→ The problem
Write out each line of the listing as it stands, without the images.

→ The data
★ ★ ★ ★ ★ ★ ★

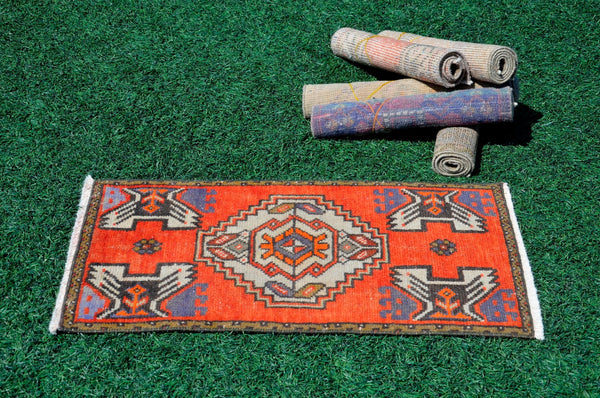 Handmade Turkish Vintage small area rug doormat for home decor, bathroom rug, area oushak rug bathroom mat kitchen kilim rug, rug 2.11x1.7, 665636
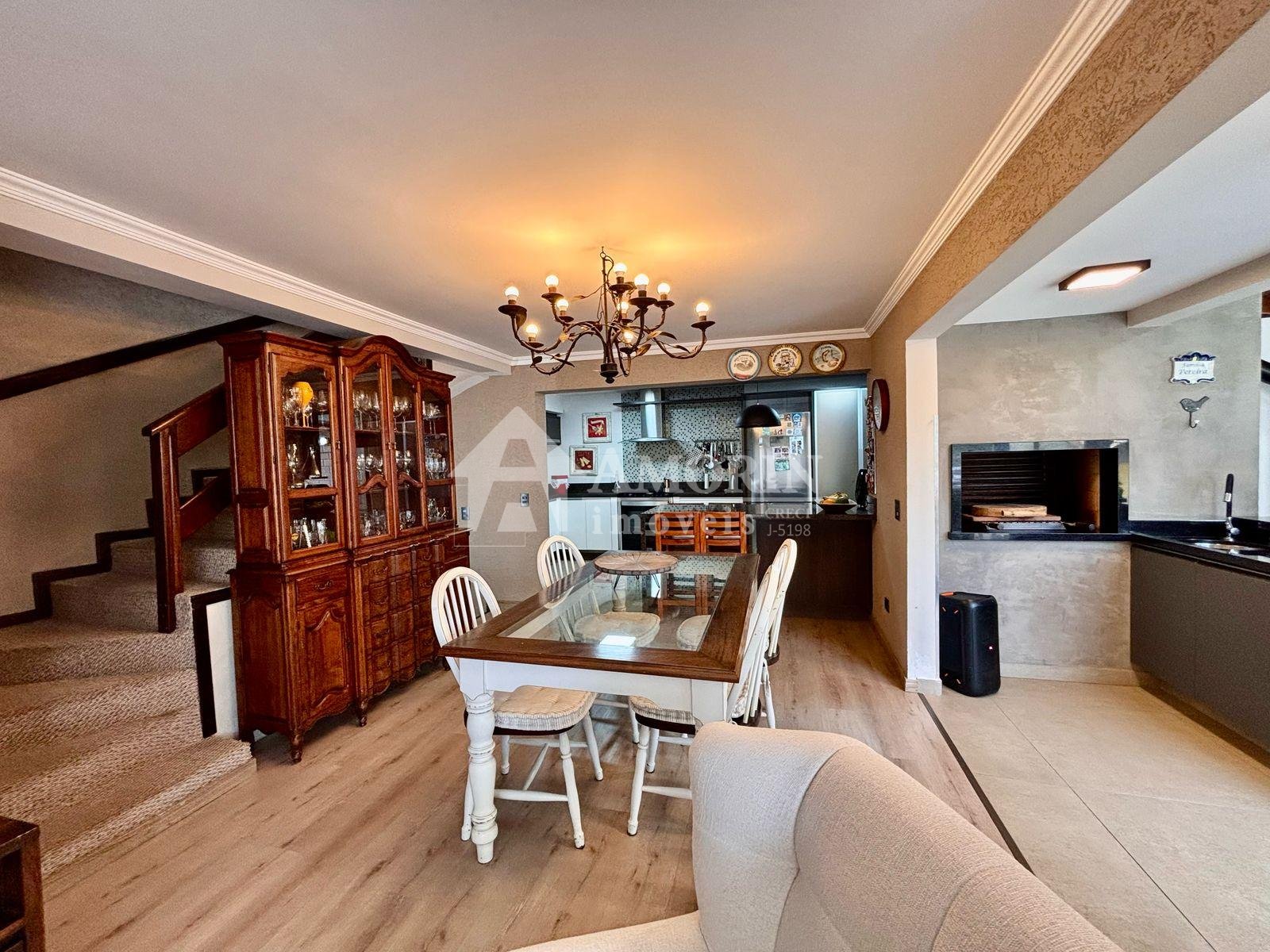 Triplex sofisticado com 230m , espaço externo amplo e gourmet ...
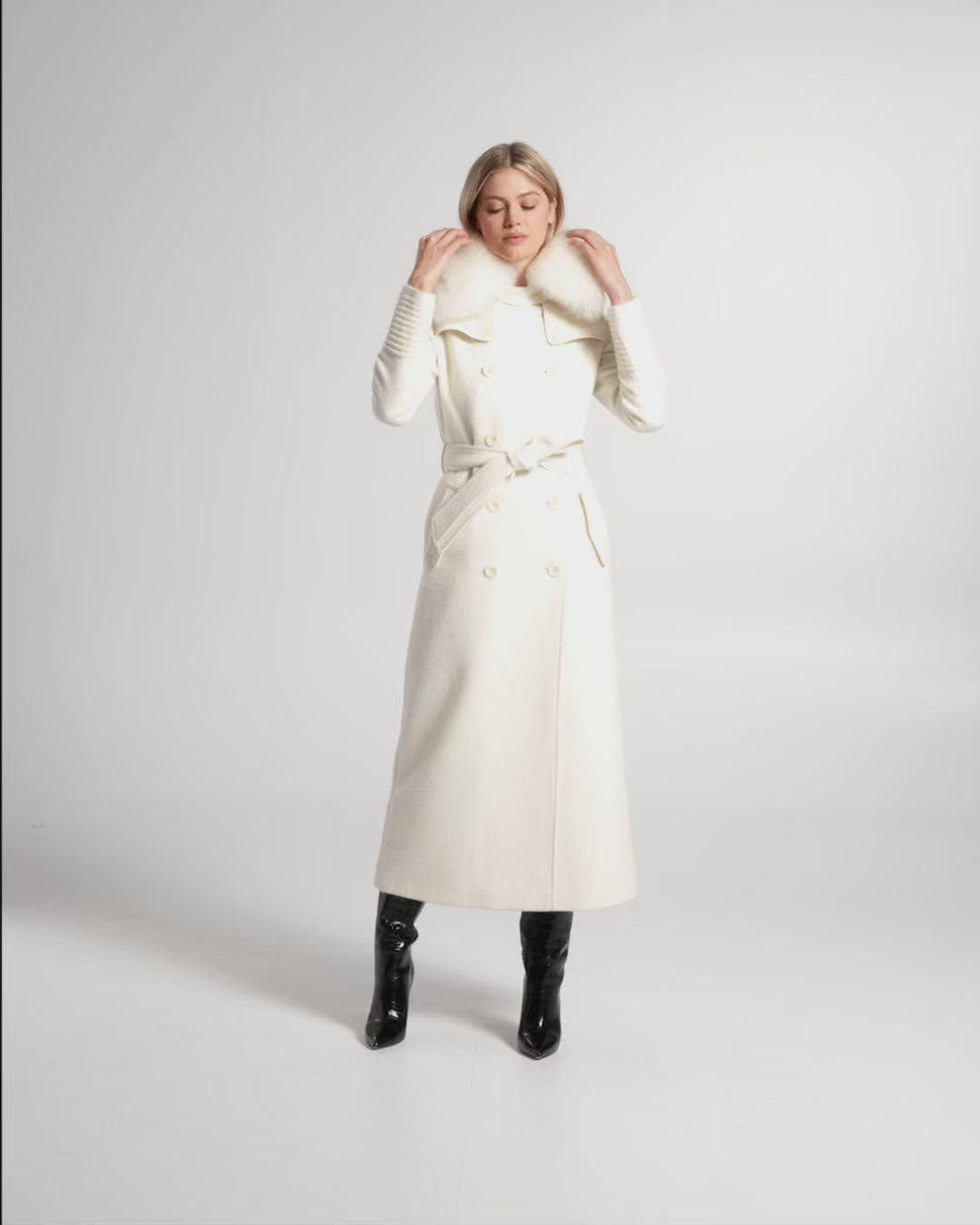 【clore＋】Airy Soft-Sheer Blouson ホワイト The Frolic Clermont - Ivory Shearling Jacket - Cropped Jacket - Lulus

★ ★ ★ ★ ★ ★ ★

→ Exercise result
 Handmade Turkish Vintage small area rug doormat for home decor, bathroom rug, area oushak rug bathroom mat kitchen kilim rug, rug 2.11x1.7, 665636
 Triplex sofisticado com 230m , espaço externo amplo e gourmet ...
 【clore＋】Airy Soft-Sheer Blouson ホワイト The Frolic Clermont - Ivory Shearling Jacket - Cropped Jacket - Lulus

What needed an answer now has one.